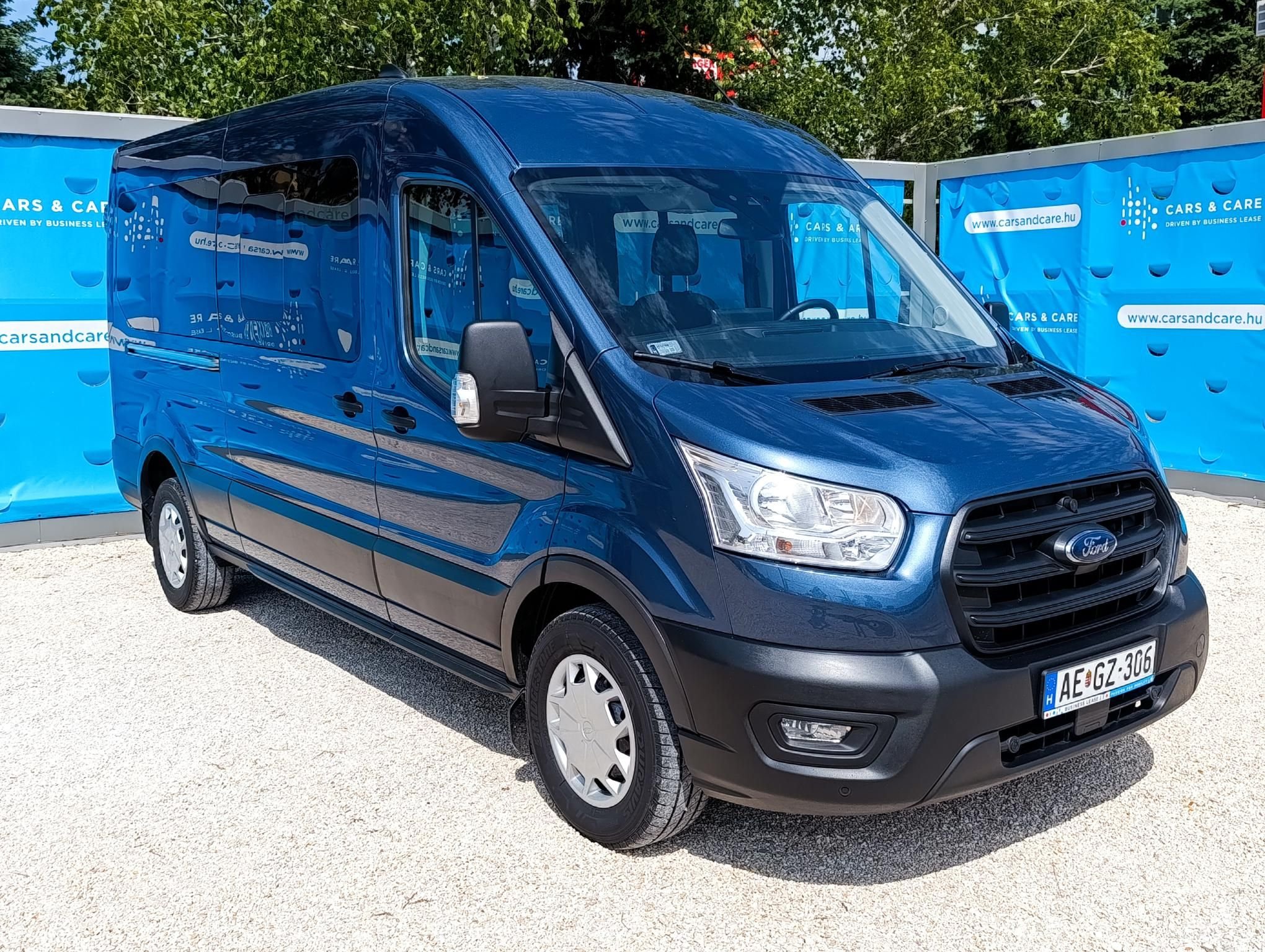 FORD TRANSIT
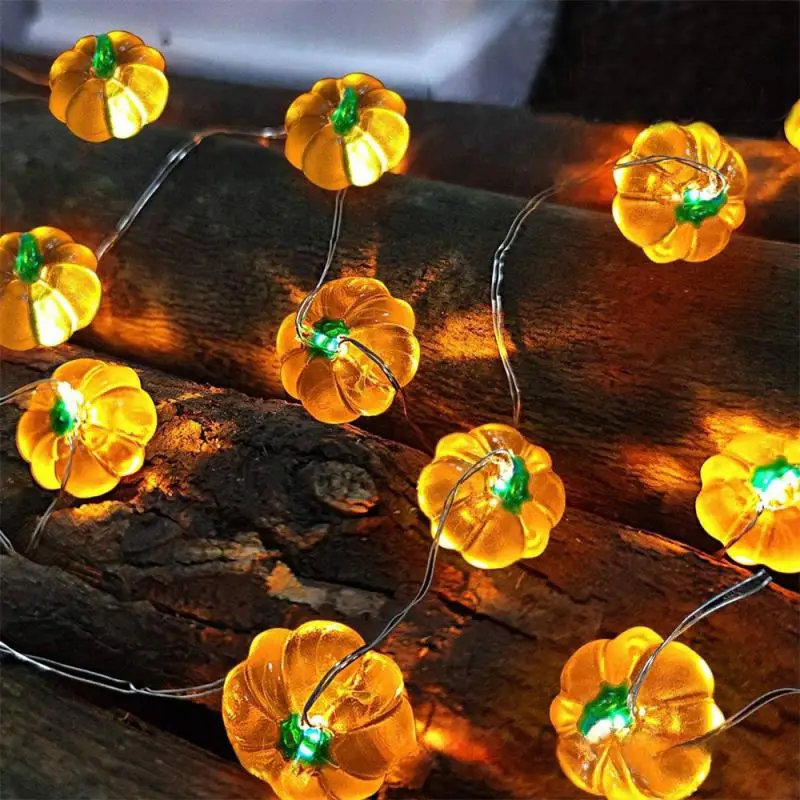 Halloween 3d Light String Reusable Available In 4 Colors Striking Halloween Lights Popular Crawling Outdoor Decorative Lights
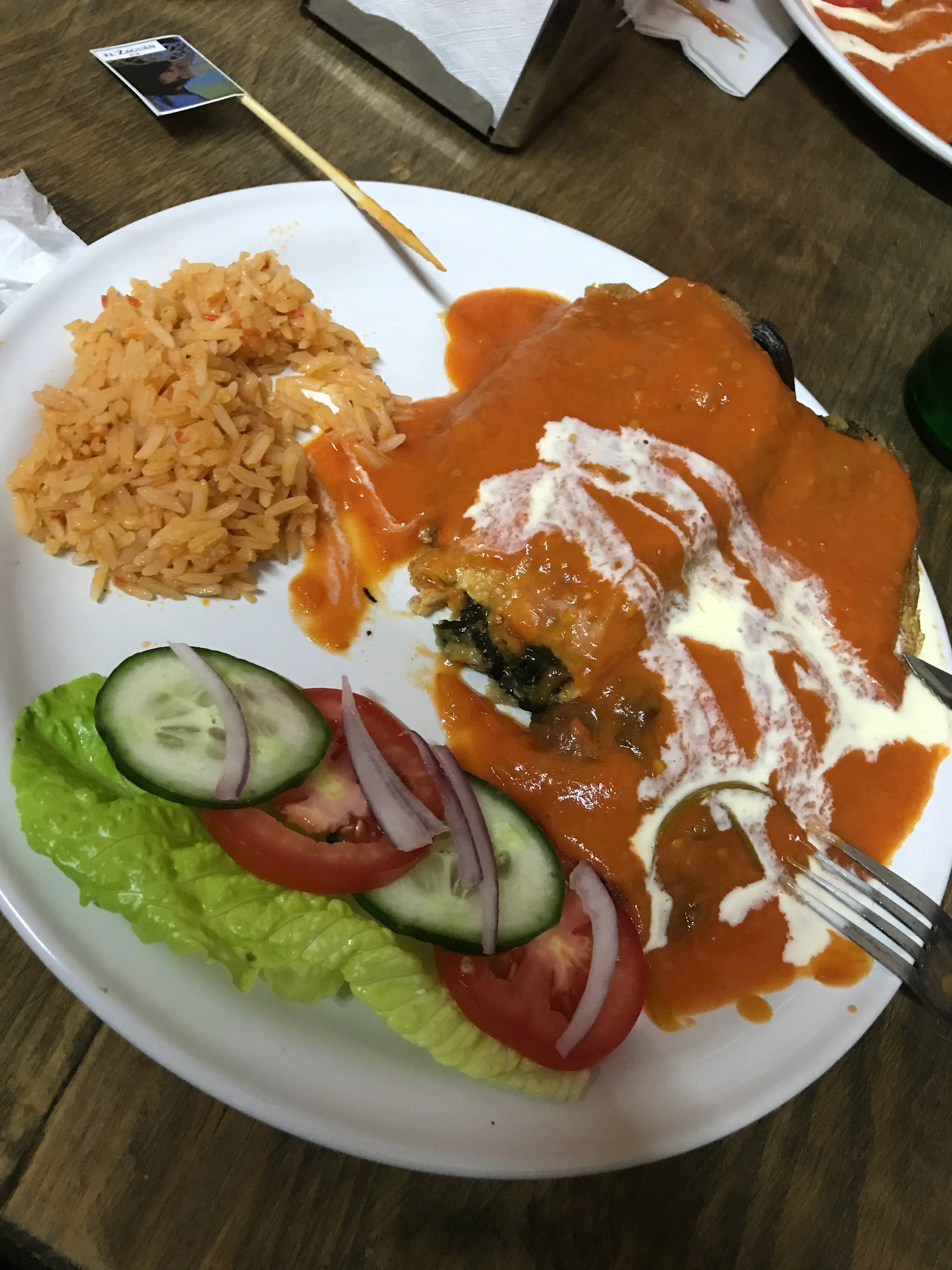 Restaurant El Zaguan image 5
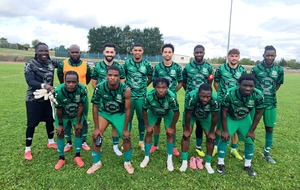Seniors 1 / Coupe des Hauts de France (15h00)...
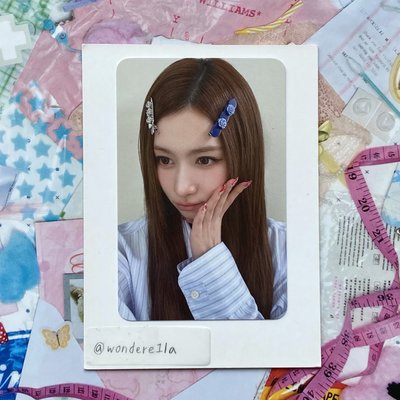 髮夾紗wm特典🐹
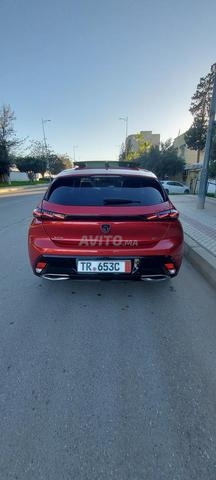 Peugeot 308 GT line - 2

### Goal of the exercise
The response should reproduce all the material above exactly and leave out its pictures.

### Written answer
 FORD TRANSIT
 Halloween 3d Light String Reusable Available In 4 Colors Striking Halloween Lights Popular Crawling Outdoor Decorative Lights
 Restaurant El Zaguan image 5
Seniors 1 / Coupe des Hauts de France (15h00)...
 髮夾紗wm特典🐹
 Peugeot 308 GT line - 2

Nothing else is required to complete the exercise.